***** SUPPLIED MATERIAL *****
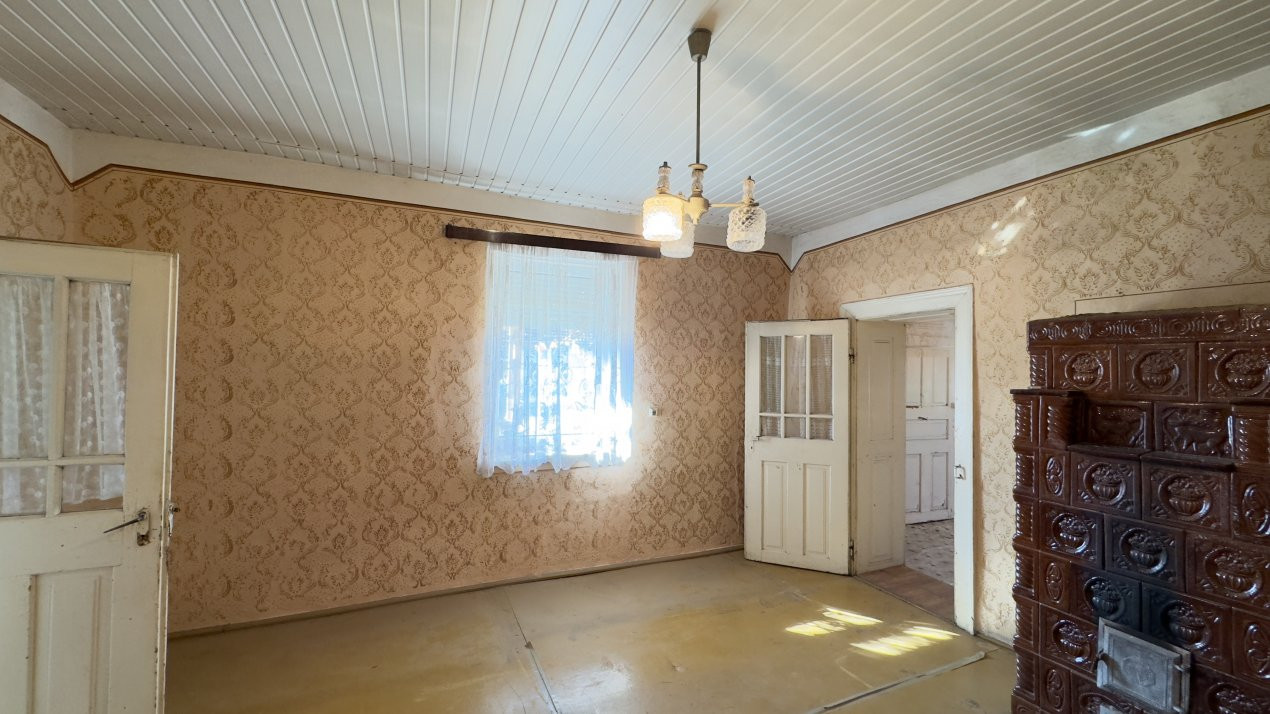 Casă 3 camere, Teren 3466 mp Petrești SM - Comision 0% cumpărător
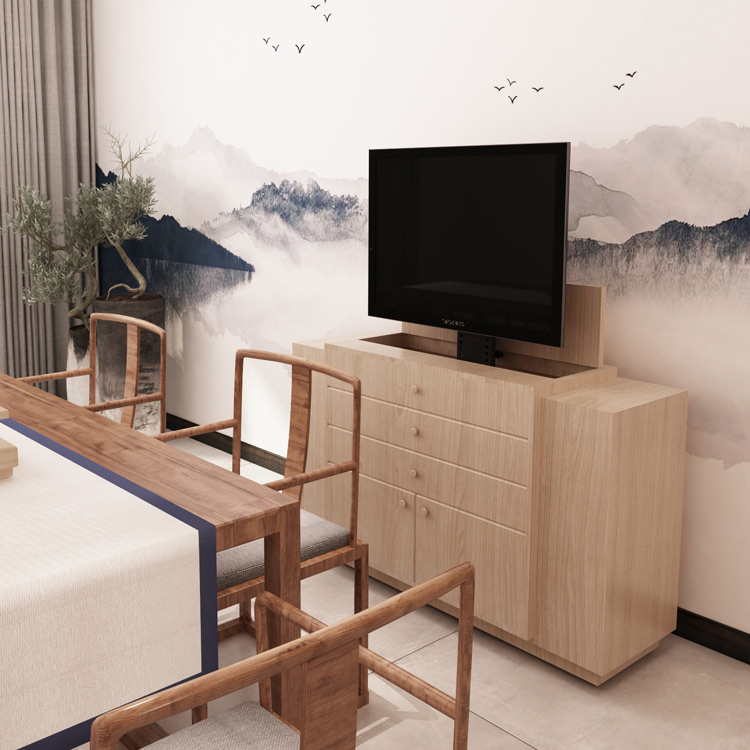 CTD-TV-T Movable TV Lift Stand with Storage Tray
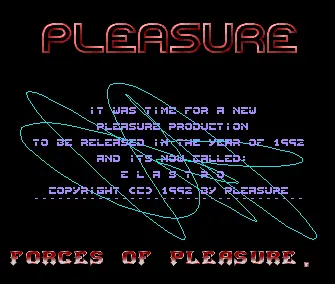 Elastro (1991) by Pleasure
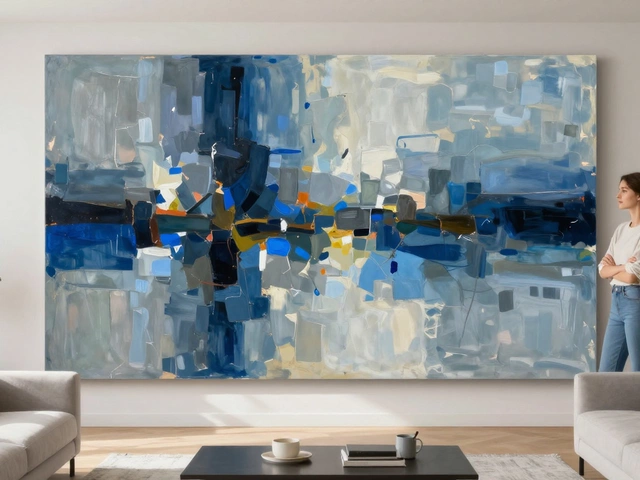 Do Abstract Paintings Sell Well? Real Market Data and Buyer Trends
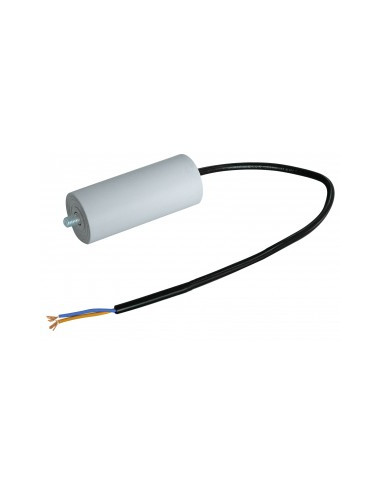 Condensateur 30µF/400Vac avec câble de connection FADINI 7066L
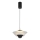 LED lestenec na kablu MANLEY LED/5W/230V črna/bela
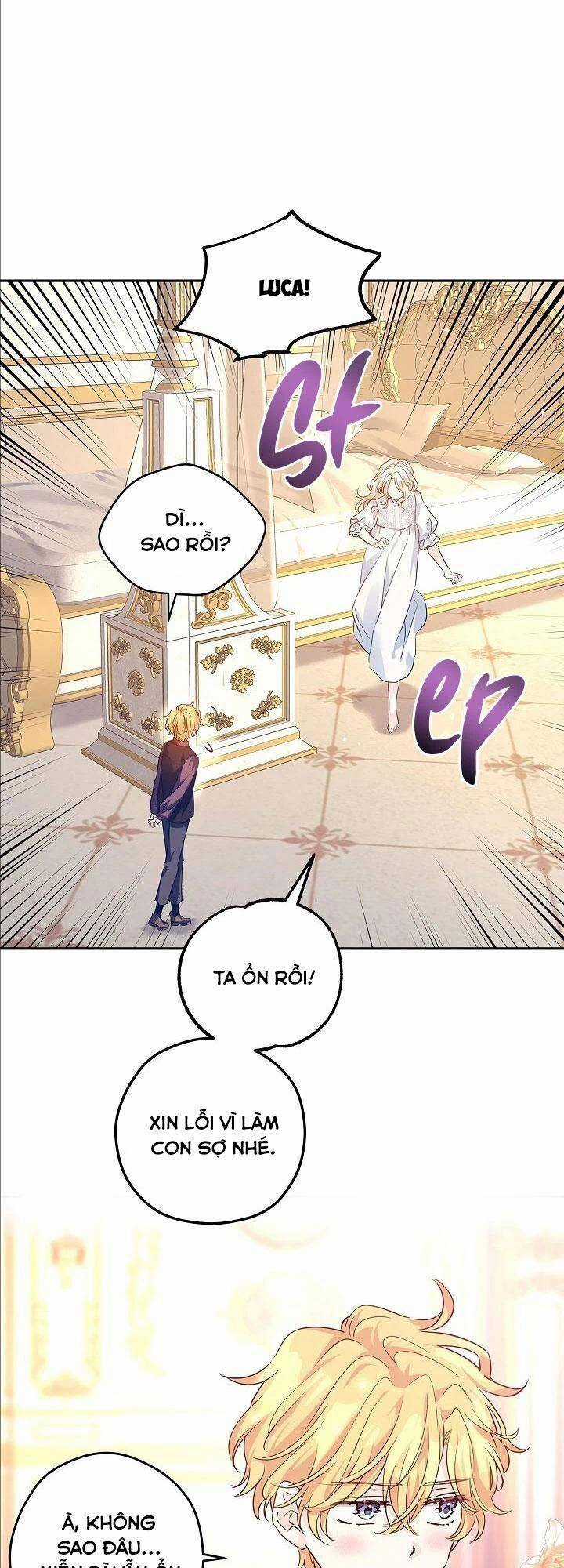 Tôi Sẽ Cố Gắng Thay Đổi Cốt Truyện Chapter 89 trang 34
*****
A faithful copy of the data is required: each word kept, each picture omitted.

 Casă 3 camere, Teren 3466 mp Petrești SM - Comision 0% cumpărător
 CTD-TV-T Movable TV Lift Stand with Storage Tray
 Elastro (1991) by Pleasure
 Do Abstract Paintings Sell Well? Real Market Data and Buyer Trends
 Condensateur 30µF/400Vac avec câble de connection FADINI 7066L
 LED lestenec na kablu MANLEY LED/5W/230V črna/bela
 Tôi Sẽ Cố Gắng Thay Đổi Cốt Truyện Chapter 89 trang 34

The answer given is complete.